Selected excerpts reveal new U.S. poet laureate Juan Felipe Herrera is actually a baseball writer
New U.S. poet laureate is actually a baseball writer

A new American poet laureate was named on Wednesday. And while there wasn't a billowing of white smoke or even an American Idol-style caller vote, the selection of Juan Felipe Herrera is still a very big deal. After all, it is now up to Herrera to pass judgment on whether something is poetry or not poetry. (Wait, that's not his job? Huh.)
However, as with all U.S. poet laureates, it is important for baseball to be a major theme of their work -- after all, is baseball not the National game?
Donald Hall, the belt-holder in 2006-07 (wait, they don't get WWE-style poetry belts, either?!) famously has a poem titled "The Seventh Inning."
Stanley Kunitz, who held the title in 2000, once wrote in "The Testing Tree:"
up tribal Providence Hill
past the Academy ballpark
where I could never hope to play
I scuffed in the drainage ditch
among the sodden seethe of leaves
hunting for perfect stones
rolled out of glacial time
into my pitcher's hand;"
But what about this year's selection? While at first glance, Herrera doesn't appear to write about the sport, that's where you're wrong. It's actual a central theme in many of his poems -- you just have to delve in a little deeper.
In "Punk Half Panther," Herrera opens with:
to the whistle of night bats-
oye como va,
in the engines, in the Chevys
& armed Impalas, the Toyota gangsta'
monsters, surf of new world colony definitions
& quasars & culture prostars going blam"
Is "night bats" not a reference to listening to baseball on the radio while in your car? And is a "prostar going blam" not a reference to a David Ortiz home run?

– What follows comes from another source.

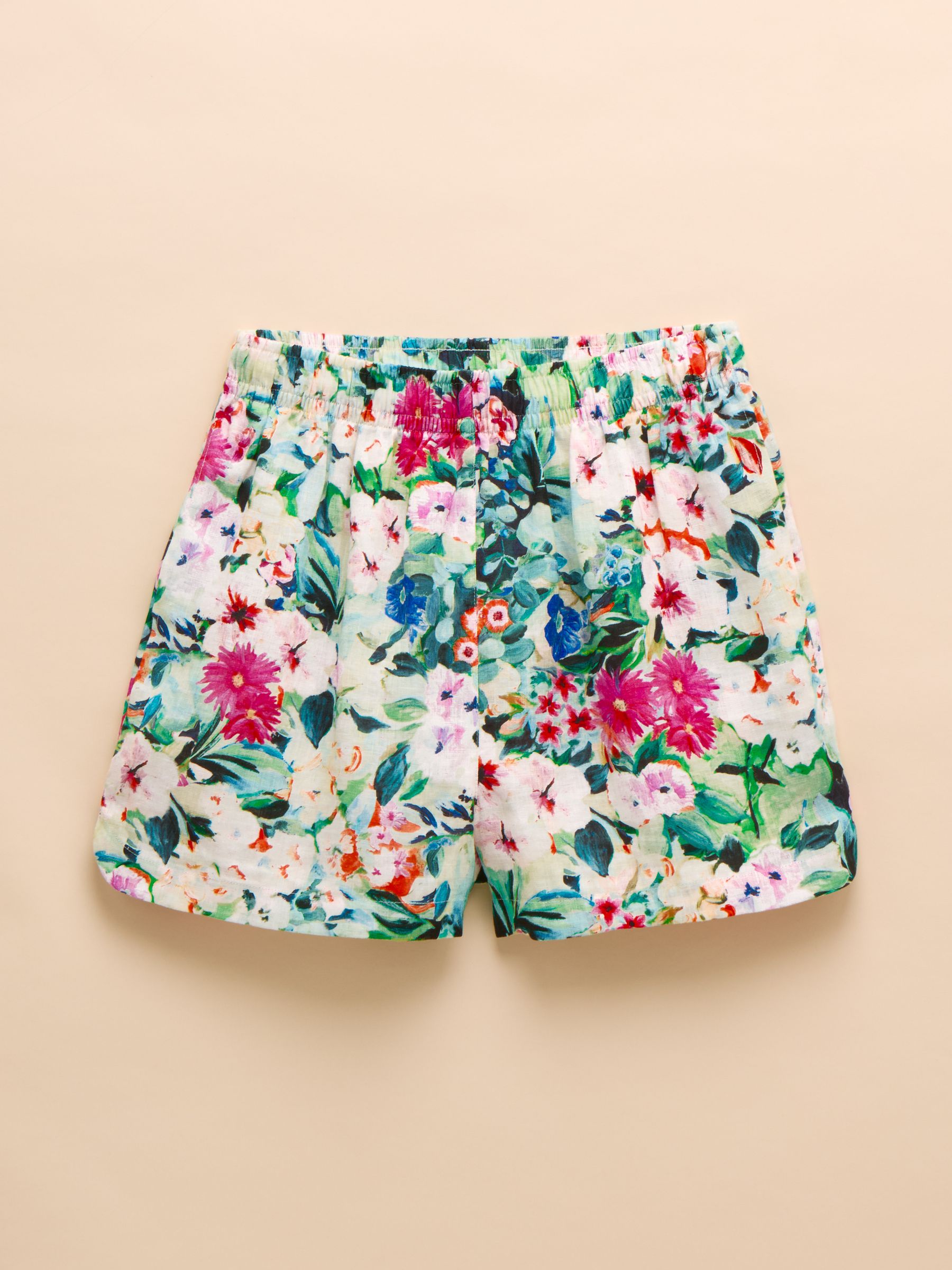 Multi Floral Pull On 100% Linen Shorts - Image 8 of 8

If that doesn't convince you, Herrera wrote in a later stanza:
sidewalk of impossible migrations. Poesy mad
& Chicano-style undone wild."
This is clearly a reference to Buster Posey, whose home stadium AT&T Park "juts" out to the sea/McCovey Cove.

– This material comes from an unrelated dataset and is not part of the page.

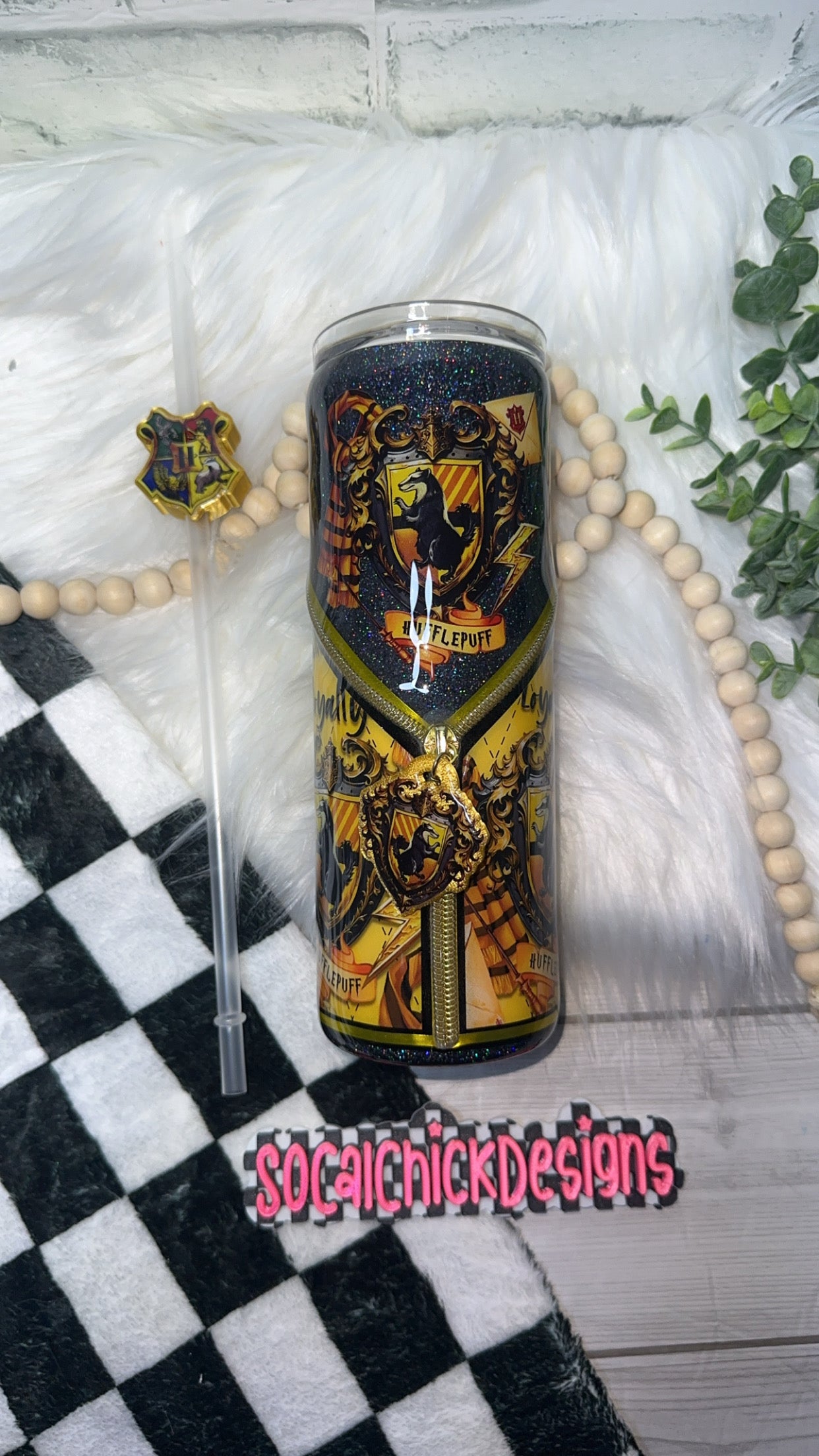 MTO {H P House Options - Zipper & Coordinating Charm} - Select Your Tumbler Style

In "Here or There," Herrera makes a quite obvious connection between how all the action of a baseball game can be reduced to mere "numbers letters figures/without faces or names only jagged lines" in a scoresheet or box score:
on the red-brown sofa
so many things somehow
it all is reduced to numbers letters figures
without faces or names only jagged lines
across the miles half-shadows
going into shadow-shadow then destruction the infinite light"

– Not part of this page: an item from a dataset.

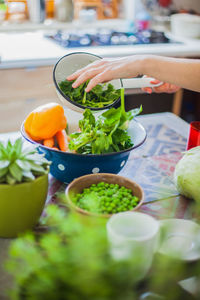 High angle view of vegetables in bowl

And in the final lines of his poem, "Dolphinating," Herrera writes this:
roll the ink & fire stones unfold the third eyes
the ten million arms of Tara & Einstein
of compassion of mercy of nebula rails come alive
jellyfish flags i bow to you
jellyfish world wheel of
swish & suffering"
"Jellyfish world wheel?" "Electric emerald rain Vajra (a sanskrit word meaning thunderbolt and diamond)?" Is there any way this isn't a poem about the Marlins' home run sculpture?